Prompt:
Using the data below, output a verbatim copy of the lines between the one holding "this 640×480 image." and the one holding "this 300×261 image.", inclusive, without any pictures.

Data for processing:

____________________

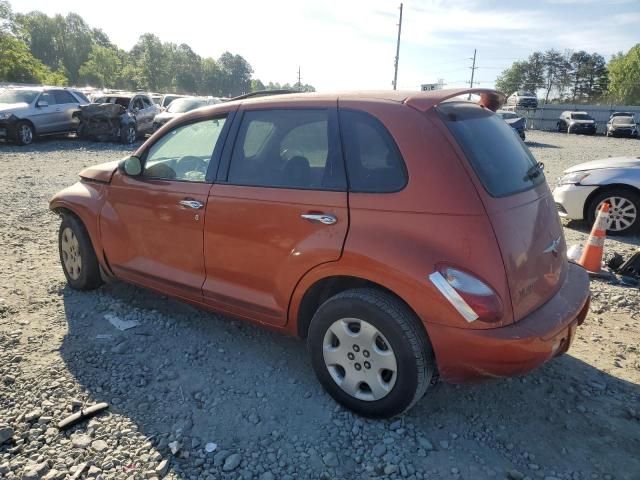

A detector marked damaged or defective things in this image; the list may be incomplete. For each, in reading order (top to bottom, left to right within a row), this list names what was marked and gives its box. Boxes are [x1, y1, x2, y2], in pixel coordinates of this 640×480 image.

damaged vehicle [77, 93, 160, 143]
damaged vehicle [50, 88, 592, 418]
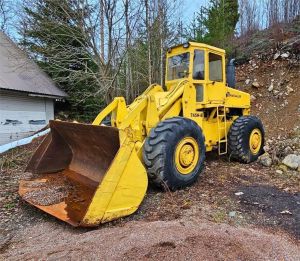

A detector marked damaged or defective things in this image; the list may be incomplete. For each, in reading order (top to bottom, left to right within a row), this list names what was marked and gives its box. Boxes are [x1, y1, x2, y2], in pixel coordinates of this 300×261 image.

____________________

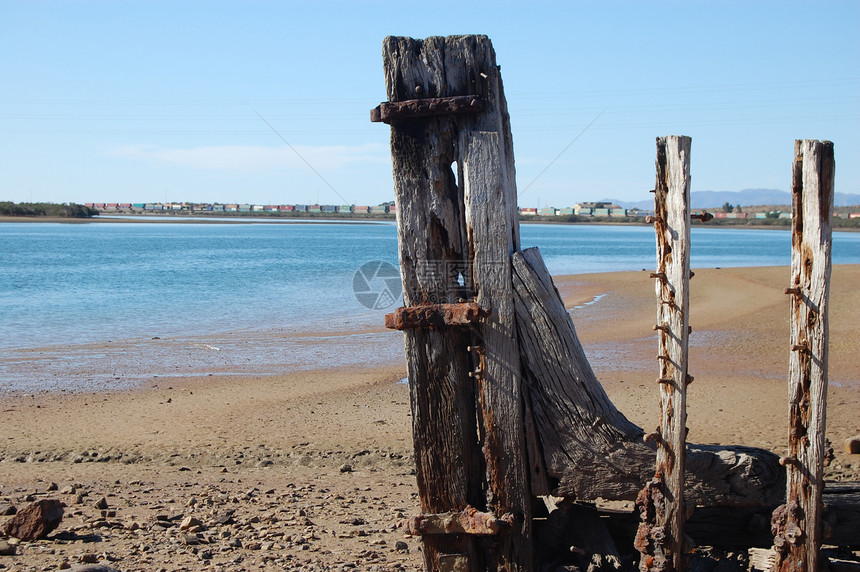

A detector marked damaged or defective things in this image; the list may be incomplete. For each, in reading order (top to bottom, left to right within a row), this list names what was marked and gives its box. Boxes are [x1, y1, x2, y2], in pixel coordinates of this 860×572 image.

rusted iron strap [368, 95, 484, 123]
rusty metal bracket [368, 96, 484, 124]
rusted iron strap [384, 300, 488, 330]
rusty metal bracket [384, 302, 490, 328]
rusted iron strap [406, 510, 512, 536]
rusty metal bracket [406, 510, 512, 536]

____________________

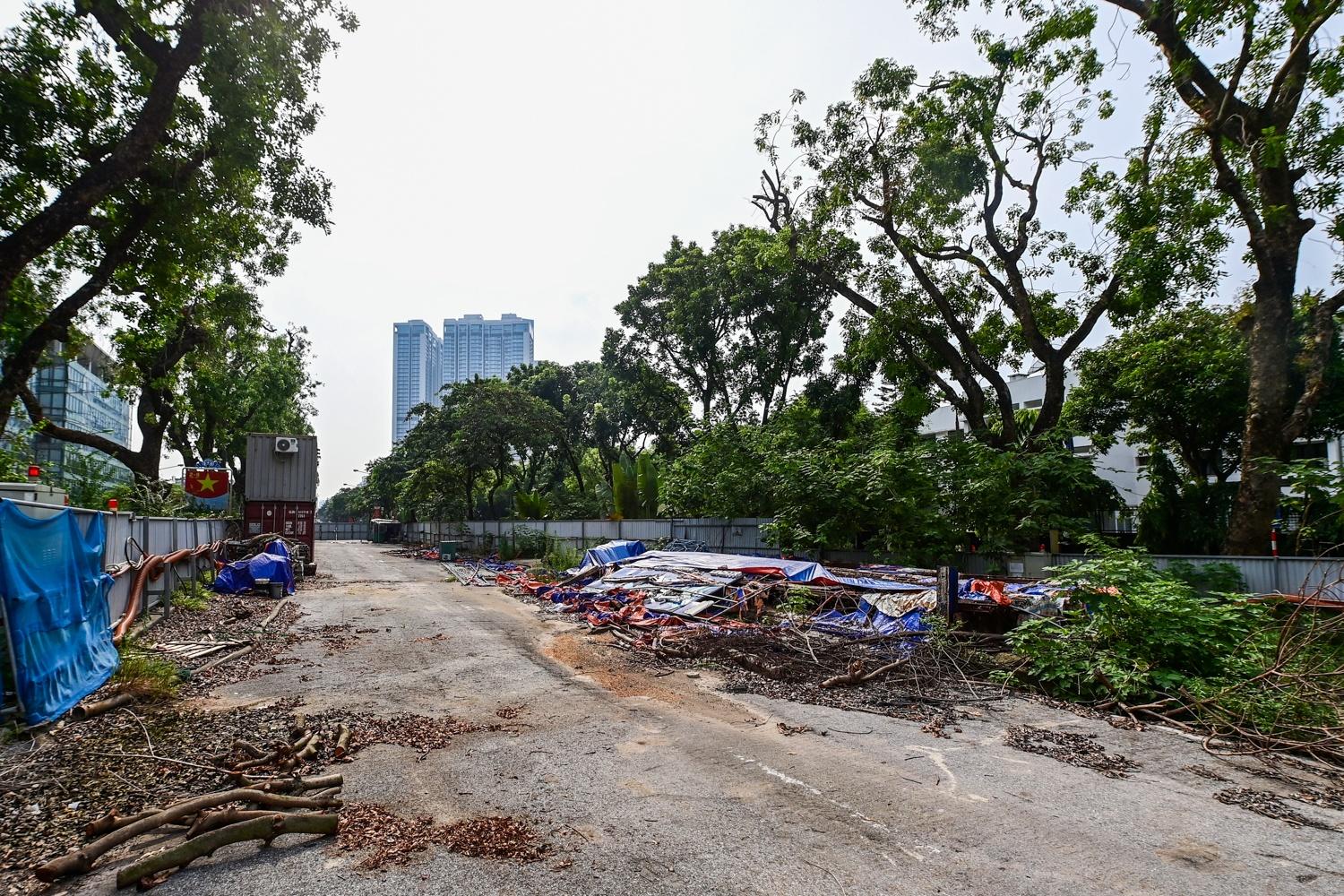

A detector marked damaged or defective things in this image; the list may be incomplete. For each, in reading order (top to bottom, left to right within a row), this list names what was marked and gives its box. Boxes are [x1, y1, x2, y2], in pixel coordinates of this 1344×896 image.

____________________

Written reply:
A detector marked damaged or defective things in this image; the list may be incomplete. For each, in reading order (top to bottom, left to right within a row), this list names what was marked and gives its box. Boxes are [x1, y1, x2, y2], in pixel coordinates of this 640×480 image.

damaged vehicle [77, 93, 160, 143]
damaged vehicle [50, 88, 592, 418]

A detector marked damaged or defective things in this image; the list may be incomplete. For each, in reading order (top to bottom, left to right within a row), this list names what was marked and gives its box. Boxes are [x1, y1, x2, y2], in pixel coordinates of this 300×261 image.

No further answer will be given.